Yūji Maruyama scite author profile

Nobiletin is a nonpeptide compound with a low molecular weight from a citrus fruit and has the activity to rescue bulbectomy-induced memory impairment. Here we describe that nobiletin itself induces neurite outgrowth in PC12D cells, a rat pheochromocytoma cell line, like NGF, and the molecular mechanism of its neurotrophic action. As cultured in the presence of nobiletin or NGF for 48 h and then assayed using a scanning electron microscope, PC12D cells treated with nobiletin showed morphology with flatter and larger cell bodies than the cells cultured with NGF. Nobiletin-induced neurite outgrowth was inhibited by PD98059 and U0126 but not K252a.
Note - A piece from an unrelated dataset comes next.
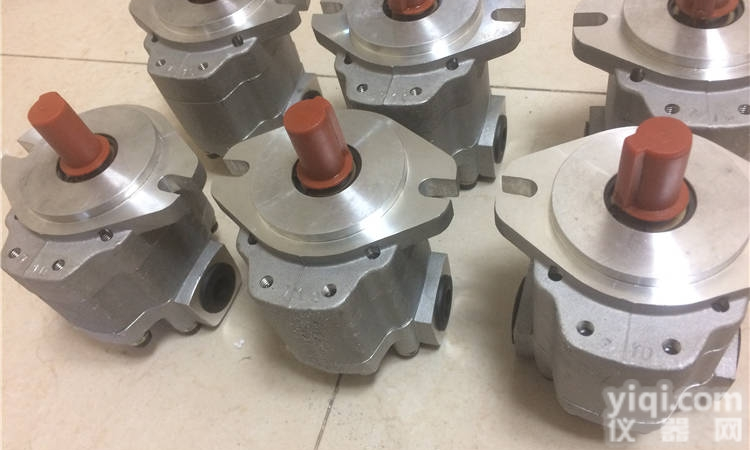 <em>液压泵</em>总成G5-<em>30</em>-AE13F-20-R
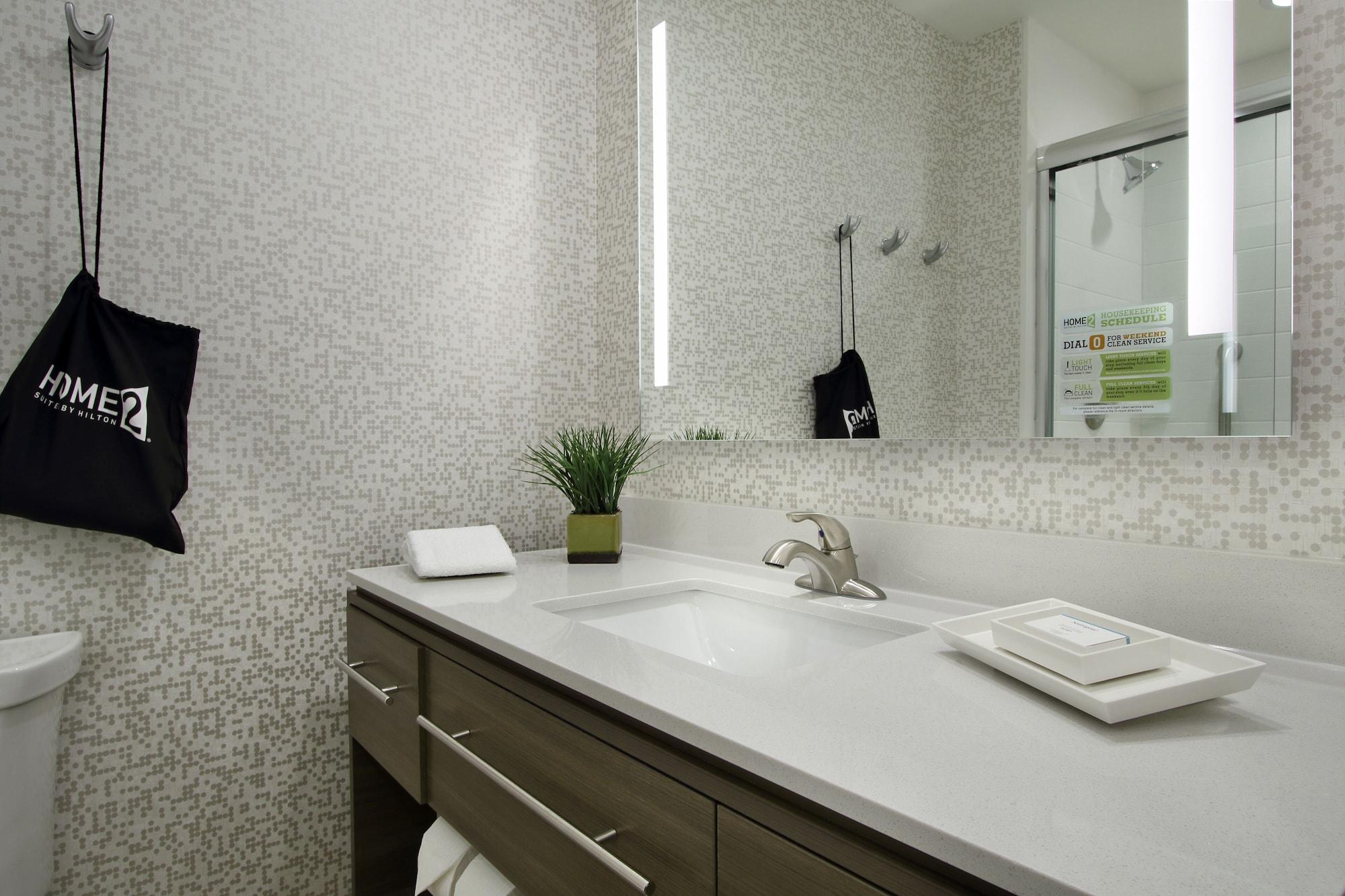 Home2 Suites By Hilton Beaumont, Tx Esterno foto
Consistently, nobiletin caused a concentration-dependent enhancement of Erk/MAP kinase phosphorylation and a sustained increment of phosphorylation of MEK and Erk/MAP kinase, resulting in a stimulation of CREB phosphorylation and CRE-mediated transcription. This compound also increased intracellular cAMP and CRE-mediated transcription in the presence of forskolin and enhanced PKA activity to stimulate phosphorylation of multiple PKA substrates in PC12D cells. Furthermore, nobiletin preferentially inhibited Ca2+/CaM-dependent phosphodiesterase in vitro. This compound failed to stimulate phosphorylation of Erk5, which is known to be induced by NGF/TrkA signaling. These results suggest that nobiletin induces neurite outgrowth by activating a cAMP/PKA/MEK/Erk/MAP kinase-dependent but not TrkA-dependent signaling pathway coupling with CRE-mediated gene transcription and may thus become a novel type of biochemical probe for elucidation of the molecular mechanism of neuronal differentiation.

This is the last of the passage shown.